In my college days, before I travelled, I got into a fight about whether Wales was a separate country:

Q: Is it?

Me: Yes. And so are England, Scotland and Northern Ireland. Together they make up the 'United Kingdom of Great Britain and Northern Ireland'.

Q: So they each have a separate seat in the United Nations?

Me: Well, no. The UK has a seat. But at one time they each had their own parliament, but then they didn't. And now they do again. Except Wales, which has an assembly.

Q: So who's in charge?

Me: Good question. They're not a simple people. For some things, Parliament — the House of Commons and the House of Lords — is in charge. But some things like education and health services have 'devolved' to Scotland. And eventually Northern Ireland will be allowed to make their own laws again, but they still have to learn how to play with others.

Q: So who decides on education and health for Wales?

Me: Parliament. A lot of the bills I hear discussed apply to 'England and Wales', but not the other two.

Q: What about money? They all use the pound, don't they? Or is it the euro?

GT: No euros. Except in real touristy places. It's the pound and it won't change in my lifetime. But there are also Scottish pounds and Northern Ireland pounds. In fact, when the IRA knocked off that bank in Belfast, they got away with Northern Ireland notes. They weren't going to get very far with those.

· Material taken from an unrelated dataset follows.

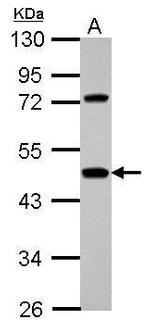 Hemopexin Antibody in Western Blot (WB)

Q: So you can't use them anywhere else?

GT: You can. But on our recent excursion to Edinburgh, I was given a Scottish 20-pound note and had visions of arguing with some English-nationalist taxi driver when we got home to Birmingham. So I exchanged it for a proper English pound.

Q: You went to Scotland?

GT: Taking advantage of Tony's two days off and my between-semesters downtime, we took off for Edinburgh in January. Five hours on the train — why drive? And we got a great deal on a hotel right in the city centre. On our previous Scotland sojourn almost 13 years ago, we belatedly realised that we hadn't planned nearly enough time in Edinburgh. What a spectacular city! My concern was that since then it may have turned in to a Harry Potter theme park. Even I wanted to see the restaurant where JK Rowling had sat writing the original, nursing a tea.

Perhaps I'm the only one, though, because we saw no signs of Harry or his creator. The city had the same charm and wow factor that it held before. On our first afternoon we hiked up to the castle in pissing rain, but it was too late in the day to take the tour. Aha! To our right, the whisky Centre. Perfect. We got our souvenir whisky taste and glasses and then proceeded on their tour which resembled a mini-whisky theme park, complete with ride in a barrel car through years of Scottish history. The young female tour guide knew her part, but halfway through her spiel Tony asked me, 'Are you understanding her?' 'I'm batting about .100,' I confessed. 'I got "malt", "whisky", "water", and "follow me".' However, there are native Pittsburghers who I can't understand either.

The introductory video included an American tourist embarrassingly confessing to the barkeep that his ancestors had worked in a distillery over a hundred years ago. I thought they were going to show the American chugging the whisky, but they gave us more credit than that. He sipped.

After buying whisky mustard and hot toddy mix, we strolled down the Royal Mile on wet streets, had a lovely dinner at the hotel, and nodded off to the Mancunian accents of Shameless on telly. I had told Tony that I wouldn't want to live in Edinburgh. The city is so special, I prefer to treat it as a gem rather than a 'quotidian' experience. How sad it would be to walk down Prince's Street every day and take for granted the granite mound and castle looming over you. But once we rode the bus through the neighbourhoods away from the city centre and closer to Ocean Terminal, down by the water, I decided, that yes, we could live there. Well, in summer.

And the accents were more understandable to me now. Of course, we were waited on by a New Yorker, an Indian and a Dub, as well as Scots. The effect of globalisation is to spread those accents around as well as making American ears more attuned.